As the world’s largest manufacturer of medical devices, the U.S. industry faces a $5 billion hit from new Trump administration tariffs, it is predicted by experts, out of a total $50 billion market effect for the first year. A tariff is a tax on imports or exports between sovereign states. These tariffs are expected to increase manufacturing costs, making prices less competitive and significantly damaging global sales for U.S.-made medical devices.
According to the Economic Census in 2012, (the most recent available; the 2017 census is underway) the sector employs about 356,000 people at approximately 5,800 companies, paid median salaries 15 percent higher than the average manufacturing job. More than 80 percent of U.S. medical device companies employ fewer than 50 employees, and many of the most innovative medtech startups produce little to no revenue for their first few years.
On March 1, the Trump administration announced new tariffs against China, including 25% tariffs on imported steel and 10% tariffs on imported aluminum. The tariffs are theoretically justified by an investigation, which found that domestic production would not be adequate during a national security crisis.
Given that the U.S. is the world’s largest importer of steel, the tariffs are expected to have a robust effect on many manufacturers. In 2016, the U.S. imported 30 million metric tons of steel and 6.3 million metric tons of aluminum. The taxes will increase production costs, in turn making many products more expensive for patients.
Within a global market size of around $150 billion, U.S. makers capture about 40 percent. Exports of medical devices in key product categories identified by the Department of Commerce exceeded $44 billion in 2015.
Industry officials are reported as being “surprised and disappointed” by the situation, especially because the federal report used to justify the increases as rectifying unfair Chinese trade practices didn’t even mention medical technology.

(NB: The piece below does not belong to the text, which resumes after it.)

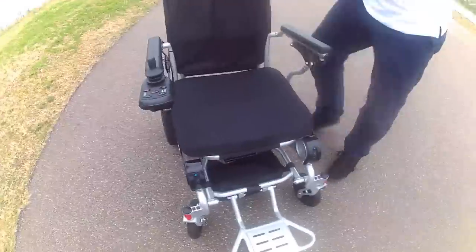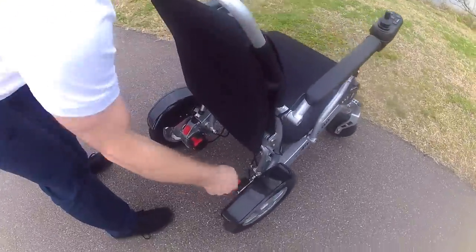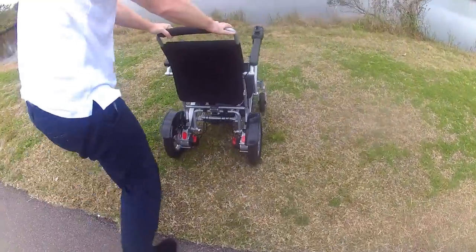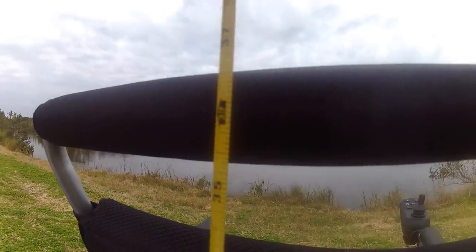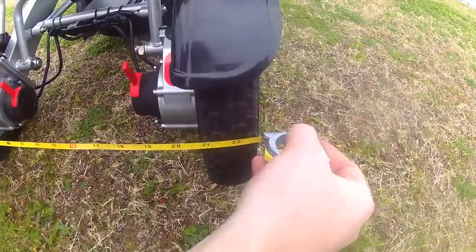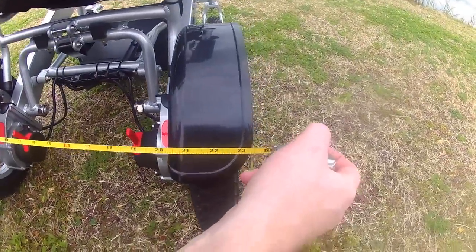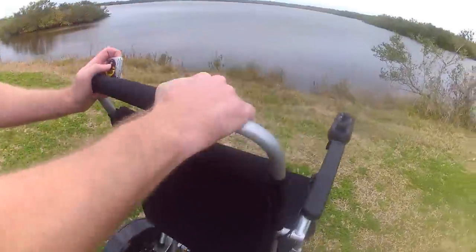Let's take a look at the back of the chair again. I'm going to put it in freewheel mode. From top to bottom, we're looking at just over three feet of space. From wheel to wheel on the back side, we're looking at just under 23 inches, and right around 23 inches on the casters — that gives you a good idea of the actual chair dimensions.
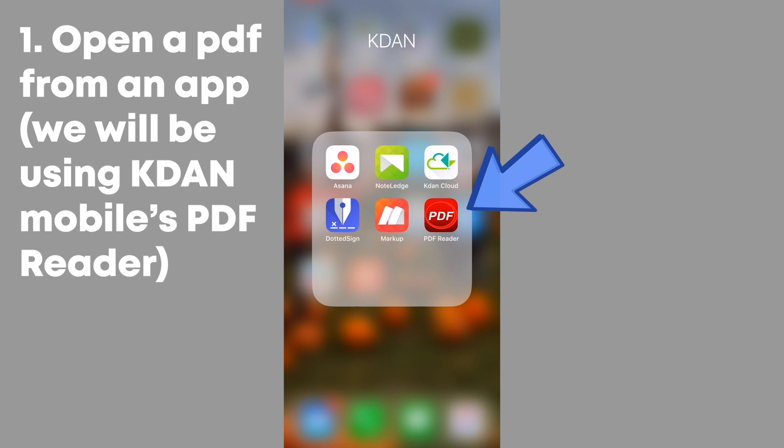First, open up a PDF from an app of your choice. For this tutorial, we will be using Kdan Mobile's PDF Reader.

These tariffs are expected to have little effect on China. Industry experts, domestic and international, believe that the tariffs will suppress American industrial growth, rather than boost it, condemning the new tariffs as a threat to global free trade.
A day after the U.S. announcement, China responded with its own set of tariffs on 545 U.S. products imported to China (with another 114 categories to be affected during a second phase) including basic chemicals and medical devices, such as magnetic resonance imaging (MRI) machines. Experts fear escalating measures might trigger a global trade war.

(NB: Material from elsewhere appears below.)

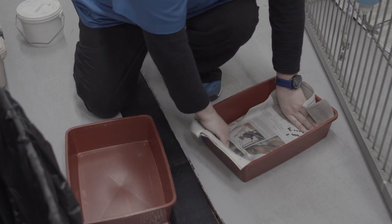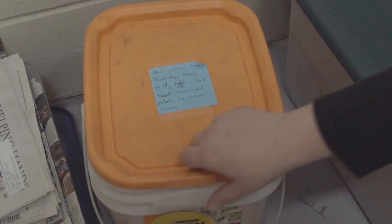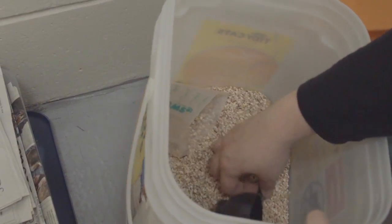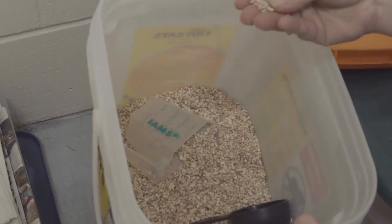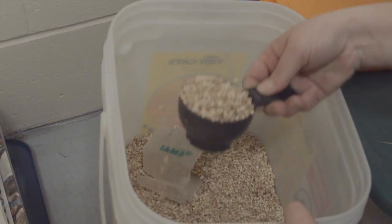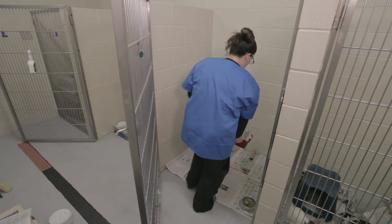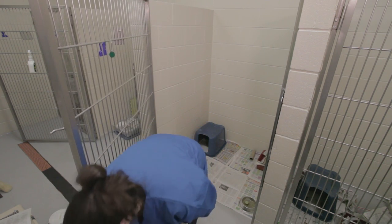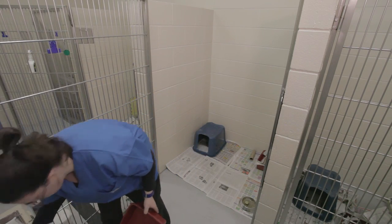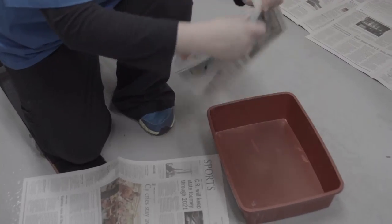So we'll line the litter box with paper, and then put a scoop of the litter we have. The litter we use for the rabbit's litter box is a rodent litter — not Tidy Cats, just using that container. These little pellets — they get one scoop per box. That's going to go here on the right side in the corner, and then the other box: you put just some shredded newspaper in there.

As the new steel and aluminum tariffs increase costs for American companies, Asian medtech competitors will win a greater market share by manufacturing similar, but often lower quality, devices at lower cost. Japan, China, and Korea are most likely to benefit. Asian medtech competitors sell globally, so it is likely that U.S. international medtech sales will be hurt.

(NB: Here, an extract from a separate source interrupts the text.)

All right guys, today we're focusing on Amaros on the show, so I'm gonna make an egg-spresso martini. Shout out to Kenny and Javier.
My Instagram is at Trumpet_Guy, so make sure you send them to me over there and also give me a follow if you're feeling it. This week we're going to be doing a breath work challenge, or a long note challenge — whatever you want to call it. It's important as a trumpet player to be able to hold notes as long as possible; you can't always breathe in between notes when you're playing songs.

Scientific research here could also suffer damage from our trade dispute with China, as the higher cost of manufacturing medical devices from syringes to MRI machines in turn raises the cost of research. U.S. labs are bracing for a keen effect.
America’s medical device industry is already in a period of slowed growth from recent innovation being based more on data science than the invention of new products, a trend expected to continue. As a family-owned manufacturer of high-quality medical devices, we will continue to monitor and report on this issue, so critical to the health of every patient.